(Short descriptive text snippets)
======

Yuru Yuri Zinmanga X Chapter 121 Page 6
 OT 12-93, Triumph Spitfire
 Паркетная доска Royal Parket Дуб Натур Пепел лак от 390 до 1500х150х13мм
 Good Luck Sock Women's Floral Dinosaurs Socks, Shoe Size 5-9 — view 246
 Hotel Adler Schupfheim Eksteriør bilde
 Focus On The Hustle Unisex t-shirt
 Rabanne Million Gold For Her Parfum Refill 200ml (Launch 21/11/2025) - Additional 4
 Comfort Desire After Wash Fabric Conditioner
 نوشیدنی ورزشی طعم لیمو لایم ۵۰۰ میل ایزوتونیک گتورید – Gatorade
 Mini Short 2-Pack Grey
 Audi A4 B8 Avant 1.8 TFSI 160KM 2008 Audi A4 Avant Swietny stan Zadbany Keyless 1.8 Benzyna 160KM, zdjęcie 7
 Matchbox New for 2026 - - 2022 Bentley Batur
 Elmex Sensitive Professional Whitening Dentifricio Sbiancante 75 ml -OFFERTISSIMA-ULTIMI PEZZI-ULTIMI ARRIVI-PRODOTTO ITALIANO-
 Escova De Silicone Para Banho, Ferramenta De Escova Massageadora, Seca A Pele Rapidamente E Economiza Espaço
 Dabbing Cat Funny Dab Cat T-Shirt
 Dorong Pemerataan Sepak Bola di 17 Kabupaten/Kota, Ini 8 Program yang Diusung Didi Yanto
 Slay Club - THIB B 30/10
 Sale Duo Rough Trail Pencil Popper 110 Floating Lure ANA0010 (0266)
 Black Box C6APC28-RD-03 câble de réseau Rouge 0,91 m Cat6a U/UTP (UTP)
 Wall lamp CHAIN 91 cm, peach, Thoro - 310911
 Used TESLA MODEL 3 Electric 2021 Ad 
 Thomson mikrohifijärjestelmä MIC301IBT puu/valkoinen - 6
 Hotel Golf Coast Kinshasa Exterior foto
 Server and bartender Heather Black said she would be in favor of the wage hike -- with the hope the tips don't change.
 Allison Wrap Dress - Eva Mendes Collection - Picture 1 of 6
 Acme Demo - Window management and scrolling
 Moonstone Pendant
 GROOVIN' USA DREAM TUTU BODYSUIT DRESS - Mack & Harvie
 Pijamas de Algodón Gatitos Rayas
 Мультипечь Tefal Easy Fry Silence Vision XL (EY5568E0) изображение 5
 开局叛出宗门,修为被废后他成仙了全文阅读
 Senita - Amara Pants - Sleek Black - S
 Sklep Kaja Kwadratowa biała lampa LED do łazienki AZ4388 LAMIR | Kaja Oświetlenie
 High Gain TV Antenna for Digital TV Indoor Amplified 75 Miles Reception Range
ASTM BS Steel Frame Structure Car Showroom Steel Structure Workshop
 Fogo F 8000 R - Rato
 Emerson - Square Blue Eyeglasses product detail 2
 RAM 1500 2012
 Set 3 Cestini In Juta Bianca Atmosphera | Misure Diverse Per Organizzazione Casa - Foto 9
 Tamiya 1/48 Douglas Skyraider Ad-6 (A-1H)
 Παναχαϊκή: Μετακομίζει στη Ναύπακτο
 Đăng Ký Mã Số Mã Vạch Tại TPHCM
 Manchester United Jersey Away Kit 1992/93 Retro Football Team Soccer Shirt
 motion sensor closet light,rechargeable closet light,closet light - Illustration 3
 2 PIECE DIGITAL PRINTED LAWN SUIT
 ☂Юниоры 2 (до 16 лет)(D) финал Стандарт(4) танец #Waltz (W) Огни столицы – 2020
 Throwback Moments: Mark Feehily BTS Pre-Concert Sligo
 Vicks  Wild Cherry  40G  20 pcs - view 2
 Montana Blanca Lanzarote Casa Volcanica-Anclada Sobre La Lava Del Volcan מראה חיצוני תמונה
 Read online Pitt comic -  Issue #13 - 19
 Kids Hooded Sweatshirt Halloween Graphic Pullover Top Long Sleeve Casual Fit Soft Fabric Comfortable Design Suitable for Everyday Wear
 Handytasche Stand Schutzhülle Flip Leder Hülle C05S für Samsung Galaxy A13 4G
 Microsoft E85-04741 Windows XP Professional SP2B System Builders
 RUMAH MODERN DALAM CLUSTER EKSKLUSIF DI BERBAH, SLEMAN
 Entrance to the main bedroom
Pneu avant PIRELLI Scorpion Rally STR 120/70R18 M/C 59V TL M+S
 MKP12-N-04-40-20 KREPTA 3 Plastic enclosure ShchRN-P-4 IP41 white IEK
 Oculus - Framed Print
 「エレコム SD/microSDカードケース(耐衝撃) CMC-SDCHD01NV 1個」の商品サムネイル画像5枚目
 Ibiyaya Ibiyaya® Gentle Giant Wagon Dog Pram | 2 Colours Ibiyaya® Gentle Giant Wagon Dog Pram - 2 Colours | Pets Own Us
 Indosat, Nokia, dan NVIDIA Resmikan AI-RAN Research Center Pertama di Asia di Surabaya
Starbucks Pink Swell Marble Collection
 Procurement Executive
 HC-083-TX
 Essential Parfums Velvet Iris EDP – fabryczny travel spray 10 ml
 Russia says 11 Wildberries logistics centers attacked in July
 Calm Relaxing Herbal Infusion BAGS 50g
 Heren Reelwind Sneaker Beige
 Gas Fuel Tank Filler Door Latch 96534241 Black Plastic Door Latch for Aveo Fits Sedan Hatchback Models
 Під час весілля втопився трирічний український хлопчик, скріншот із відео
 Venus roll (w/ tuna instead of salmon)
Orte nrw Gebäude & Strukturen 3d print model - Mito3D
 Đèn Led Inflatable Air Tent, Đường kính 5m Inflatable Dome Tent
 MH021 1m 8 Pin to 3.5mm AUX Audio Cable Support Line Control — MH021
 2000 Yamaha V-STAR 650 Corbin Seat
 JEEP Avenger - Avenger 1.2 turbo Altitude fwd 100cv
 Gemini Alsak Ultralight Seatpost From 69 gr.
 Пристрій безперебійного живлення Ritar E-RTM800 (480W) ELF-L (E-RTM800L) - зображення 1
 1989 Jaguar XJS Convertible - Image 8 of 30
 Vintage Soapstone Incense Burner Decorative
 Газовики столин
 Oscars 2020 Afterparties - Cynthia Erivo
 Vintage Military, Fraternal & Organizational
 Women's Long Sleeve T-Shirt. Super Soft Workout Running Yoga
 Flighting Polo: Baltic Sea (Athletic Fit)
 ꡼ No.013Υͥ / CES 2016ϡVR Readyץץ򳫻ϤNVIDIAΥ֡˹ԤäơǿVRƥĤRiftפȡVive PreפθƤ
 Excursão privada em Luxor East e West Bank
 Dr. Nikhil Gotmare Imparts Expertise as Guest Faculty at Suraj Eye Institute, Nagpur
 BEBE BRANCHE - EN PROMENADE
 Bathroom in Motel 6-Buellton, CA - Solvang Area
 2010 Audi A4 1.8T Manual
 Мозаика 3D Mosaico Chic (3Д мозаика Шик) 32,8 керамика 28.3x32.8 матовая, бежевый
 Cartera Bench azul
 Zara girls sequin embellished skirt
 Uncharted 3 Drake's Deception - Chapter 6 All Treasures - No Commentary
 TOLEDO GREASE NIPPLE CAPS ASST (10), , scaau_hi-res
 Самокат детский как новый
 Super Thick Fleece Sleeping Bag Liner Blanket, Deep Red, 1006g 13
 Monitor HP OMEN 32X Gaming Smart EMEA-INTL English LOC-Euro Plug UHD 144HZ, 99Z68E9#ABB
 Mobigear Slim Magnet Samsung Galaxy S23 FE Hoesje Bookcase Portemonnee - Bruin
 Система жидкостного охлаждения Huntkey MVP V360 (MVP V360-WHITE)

======

- _Exercise goal_
Set down the lines of the records exactly, from the first one through the line containing "High Gain TV", and add nothing else.

- _Solved problem_
Yuru Yuri Zinmanga X Chapter 121 Page 6
 OT 12-93, Triumph Spitfire
 Паркетная доска Royal Parket Дуб Натур Пепел лак от 390 до 1500х150х13мм
 Good Luck Sock Women's Floral Dinosaurs Socks, Shoe Size 5-9 — view 246
 Hotel Adler Schupfheim Eksteriør bilde
 Focus On The Hustle Unisex t-shirt
 Rabanne Million Gold For Her Parfum Refill 200ml (Launch 21/11/2025) - Additional 4
 Comfort Desire After Wash Fabric Conditioner
 نوشیدنی ورزشی طعم لیمو لایم ۵۰۰ میل ایزوتونیک گتورید – Gatorade
 Mini Short 2-Pack Grey
 Audi A4 B8 Avant 1.8 TFSI 160KM 2008 Audi A4 Avant Swietny stan Zadbany Keyless 1.8 Benzyna 160KM, zdjęcie 7
 Matchbox New for 2026 - - 2022 Bentley Batur
 Elmex Sensitive Professional Whitening Dentifricio Sbiancante 75 ml -OFFERTISSIMA-ULTIMI PEZZI-ULTIMI ARRIVI-PRODOTTO ITALIANO-
 Escova De Silicone Para Banho, Ferramenta De Escova Massageadora, Seca A Pele Rapidamente E Economiza Espaço
 Dabbing Cat Funny Dab Cat T-Shirt
 Dorong Pemerataan Sepak Bola di 17 Kabupaten/Kota, Ini 8 Program yang Diusung Didi Yanto
 Slay Club - THIB B 30/10
 Sale Duo Rough Trail Pencil Popper 110 Floating Lure ANA0010 (0266)
 Black Box C6APC28-RD-03 câble de réseau Rouge 0,91 m Cat6a U/UTP (UTP)
 Wall lamp CHAIN 91 cm, peach, Thoro - 310911
 Used TESLA MODEL 3 Electric 2021 Ad 
 Thomson mikrohifijärjestelmä MIC301IBT puu/valkoinen - 6
 Hotel Golf Coast Kinshasa Exterior foto
 Server and bartender Heather Black said she would be in favor of the wage hike -- with the hope the tips don't change.
 Allison Wrap Dress - Eva Mendes Collection - Picture 1 of 6
 Acme Demo - Window management and scrolling
 Moonstone Pendant
 GROOVIN' USA DREAM TUTU BODYSUIT DRESS - Mack & Harvie
 Pijamas de Algodón Gatitos Rayas
 Мультипечь Tefal Easy Fry Silence Vision XL (EY5568E0) изображение 5
 开局叛出宗门,修为被废后他成仙了全文阅读
 Senita - Amara Pants - Sleek Black - S
 Sklep Kaja Kwadratowa biała lampa LED do łazienki AZ4388 LAMIR | Kaja Oświetlenie
 High Gain TV Antenna for Digital TV Indoor Amplified 75 Miles Reception Range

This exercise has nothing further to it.